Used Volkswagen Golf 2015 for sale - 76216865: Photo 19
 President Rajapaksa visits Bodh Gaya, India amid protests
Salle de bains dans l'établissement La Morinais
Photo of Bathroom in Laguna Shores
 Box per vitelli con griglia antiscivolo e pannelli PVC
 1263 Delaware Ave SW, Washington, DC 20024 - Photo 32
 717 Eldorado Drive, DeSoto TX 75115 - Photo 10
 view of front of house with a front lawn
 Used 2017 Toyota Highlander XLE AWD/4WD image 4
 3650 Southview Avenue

# # # # #

All that is wanted is the stretch of lines above from the one containing "President Rajapaksa visits" through the one containing "view of front of house with a front lawn", duplicated exactly.

 President Rajapaksa visits Bodh Gaya, India amid protests
Salle de bains dans l'établissement La Morinais
Photo of Bathroom in Laguna Shores
 Box per vitelli con griglia antiscivolo e pannelli PVC
 1263 Delaware Ave SW, Washington, DC 20024 - Photo 32
 717 Eldorado Drive, DeSoto TX 75115 - Photo 10
 view of front of house with a front lawn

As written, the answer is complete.